◆ Exercise prompt
Output every entry below word for word, without its pictures.

[Image-caption web data]

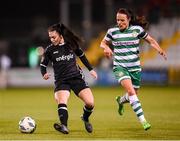 29 March 2023; Abbie Brophy of Wexford Youths in action against Aine O'Gorman of Shamrock Rovers during the SSE Airtricity Women's Premier Division match between Shamrock Rovers and Wexford Youths at Tallaght Stadium in Dublin. Photo by Stephen McCarthy/Sportsfile
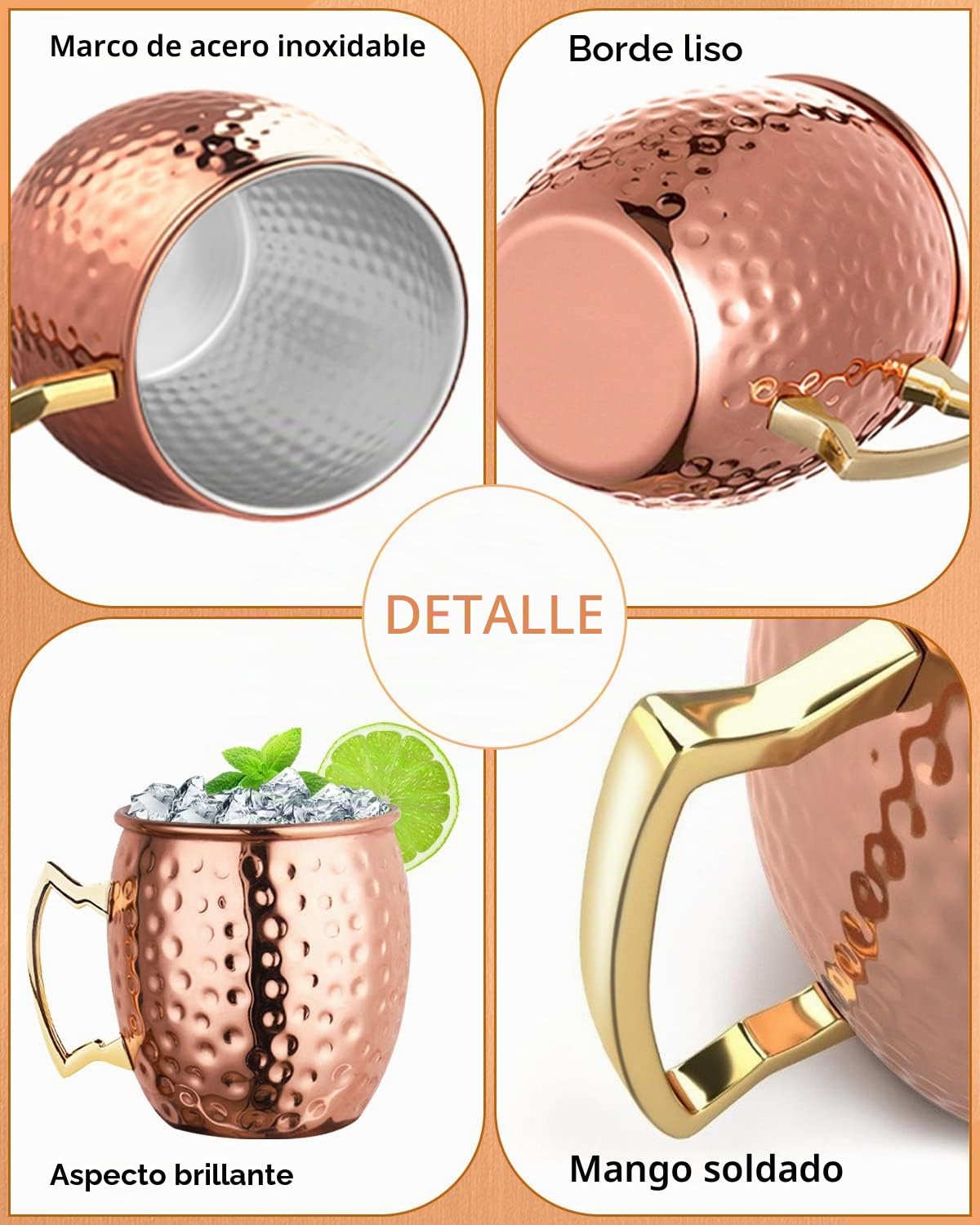 LIVEHITOP Moscú mula Cobre Tazas 4 Piezas, 19.5 oz Copa Cobre con 4 Posavasos, 4 Pajitas, Pincel Jigger y Paja, Conjunto Regalo Taza para el Hogar, Bar, Fiesta (4)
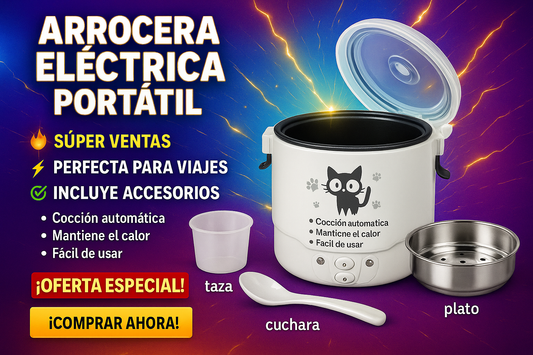 Arrocera eléctrica con diseño profesional y textos en español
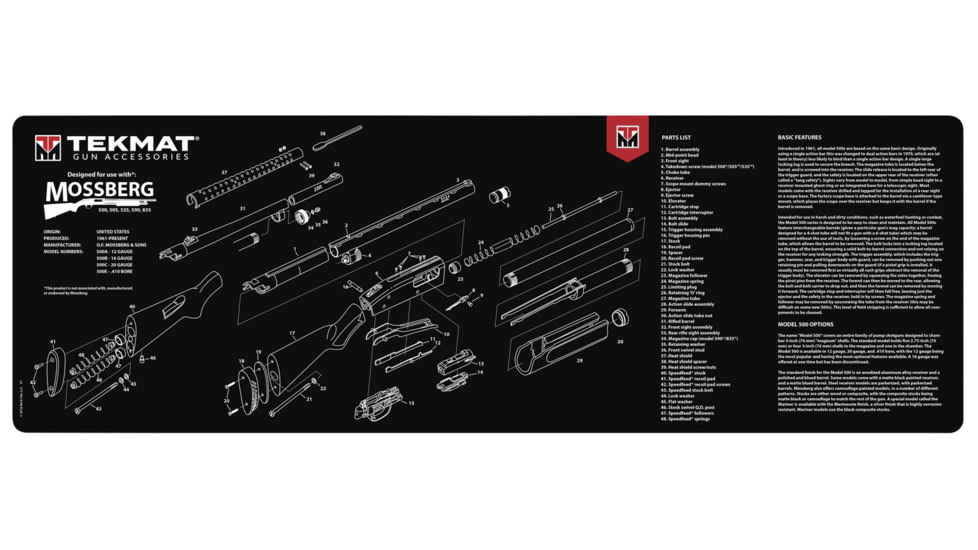 BECK TEK, LLC TEKMAT TEKR36MOSSBERGG Mossberg Shotgun Shotgun Cleaning Mat 12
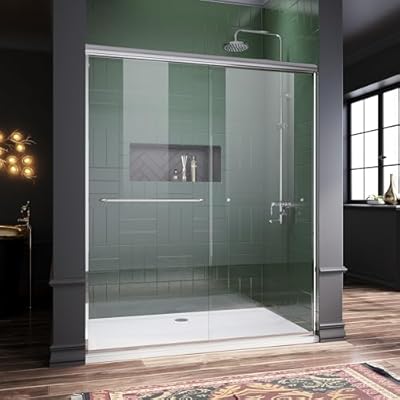 ELEGANT Shower Doors 58.5-60" W x 72" H, Semi-Frameless Bypass Sliding Shower Door, 1/4" Clear Glass, Chrome Finish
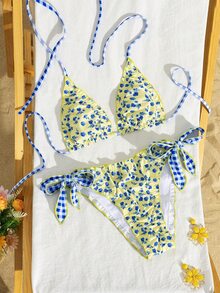 Swim Mod Summer Vacation Sexy Floral Patchwork Halter Backless Frill Trim Triangle Cup Tie-Up Bikini Set - Multicolor - View 2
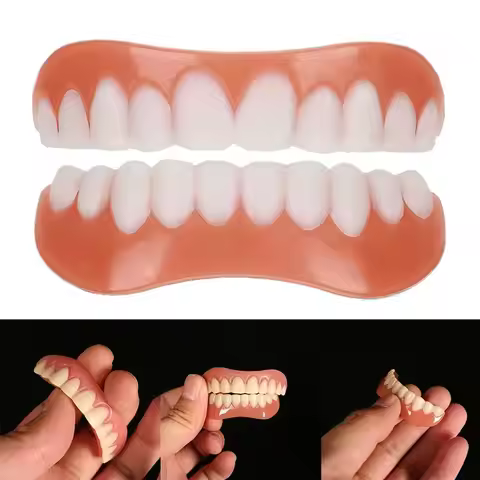 False Teeth Silicone Upper Lower Veneers Teeth Braces Dentures Paste Dentures Temporary Fake Tooth F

◆ Solution for this task
 29 March 2023; Abbie Brophy of Wexford Youths in action against Aine O'Gorman of Shamrock Rovers during the SSE Airtricity Women's Premier Division match between Shamrock Rovers and Wexford Youths at Tallaght Stadium in Dublin. Photo by Stephen McCarthy/Sportsfile
 LIVEHITOP Moscú mula Cobre Tazas 4 Piezas, 19.5 oz Copa Cobre con 4 Posavasos, 4 Pajitas, Pincel Jigger y Paja, Conjunto Regalo Taza para el Hogar, Bar, Fiesta (4)
 Arrocera eléctrica con diseño profesional y textos en español
 BECK TEK, LLC TEKMAT TEKR36MOSSBERGG Mossberg Shotgun Shotgun Cleaning Mat 12
 ELEGANT Shower Doors 58.5-60" W x 72" H, Semi-Frameless Bypass Sliding Shower Door, 1/4" Clear Glass, Chrome Finish
 Swim Mod Summer Vacation Sexy Floral Patchwork Halter Backless Frill Trim Triangle Cup Tie-Up Bikini Set - Multicolor - View 2
 False Teeth Silicone Upper Lower Veneers Teeth Braces Dentures Paste Dentures Temporary Fake Tooth F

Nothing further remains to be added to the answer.